◆ **What the task asks**:
Beginning with the line below that contains "2016 Lincoln MKC" and ending with the line that contains "Pull à manches courtes pull d'été léger", copy every line exactly. Copy nothing else.

◆ **Data listing**:
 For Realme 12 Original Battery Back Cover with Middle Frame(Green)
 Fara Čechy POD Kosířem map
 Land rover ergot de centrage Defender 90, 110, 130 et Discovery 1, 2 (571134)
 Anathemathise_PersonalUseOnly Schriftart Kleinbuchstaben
...
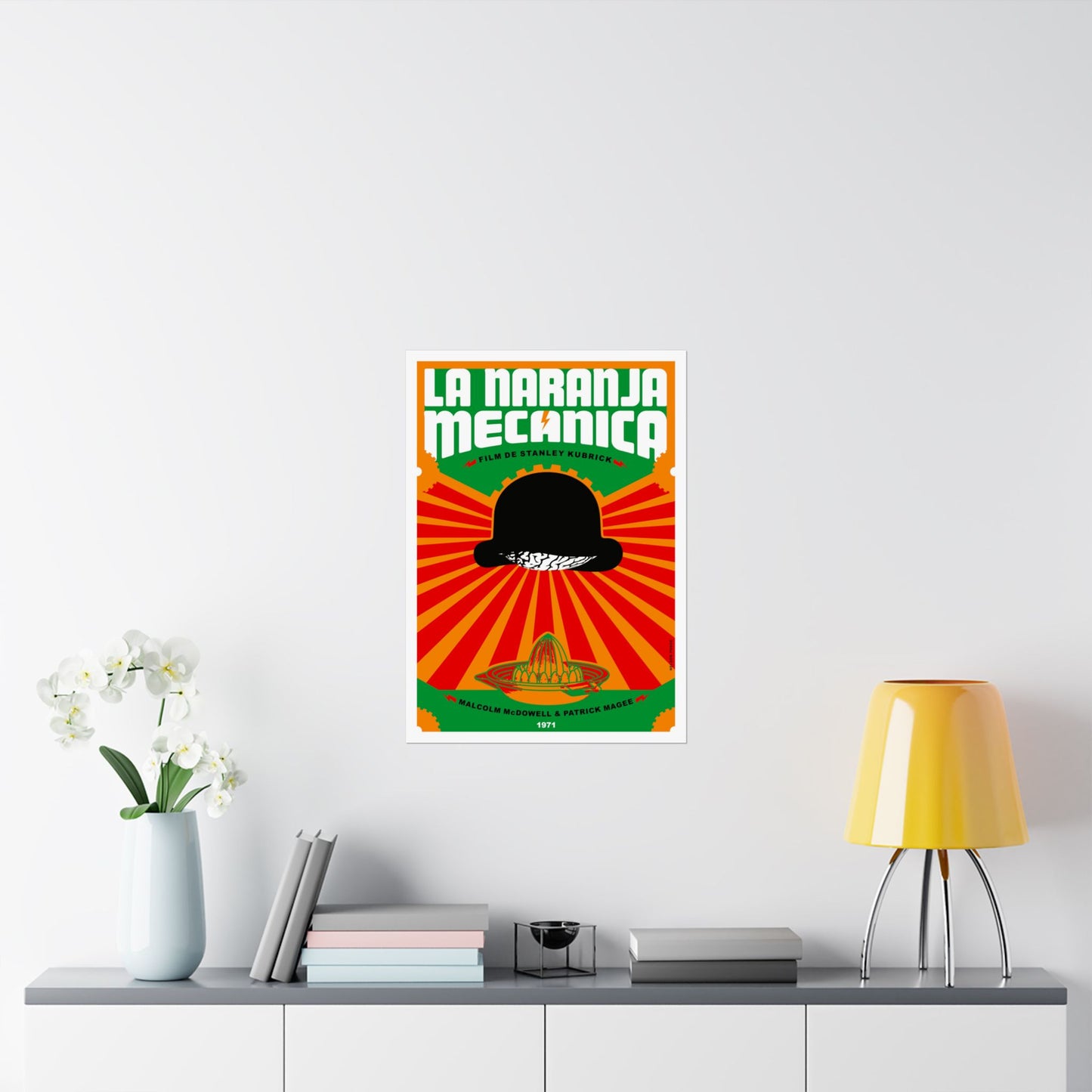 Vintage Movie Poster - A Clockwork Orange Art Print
---
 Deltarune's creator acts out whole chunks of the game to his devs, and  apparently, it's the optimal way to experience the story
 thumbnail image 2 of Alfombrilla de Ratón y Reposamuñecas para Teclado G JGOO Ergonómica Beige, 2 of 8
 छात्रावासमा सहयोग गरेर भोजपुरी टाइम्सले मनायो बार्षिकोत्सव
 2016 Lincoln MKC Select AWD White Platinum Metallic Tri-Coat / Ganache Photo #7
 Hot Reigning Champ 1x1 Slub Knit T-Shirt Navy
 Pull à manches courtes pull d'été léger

◆ **Written response**:
 2016 Lincoln MKC Select AWD White Platinum Metallic Tri-Coat / Ganache Photo #7
 Hot Reigning Champ 1x1 Slub Knit T-Shirt Navy
 Pull à manches courtes pull d'été léger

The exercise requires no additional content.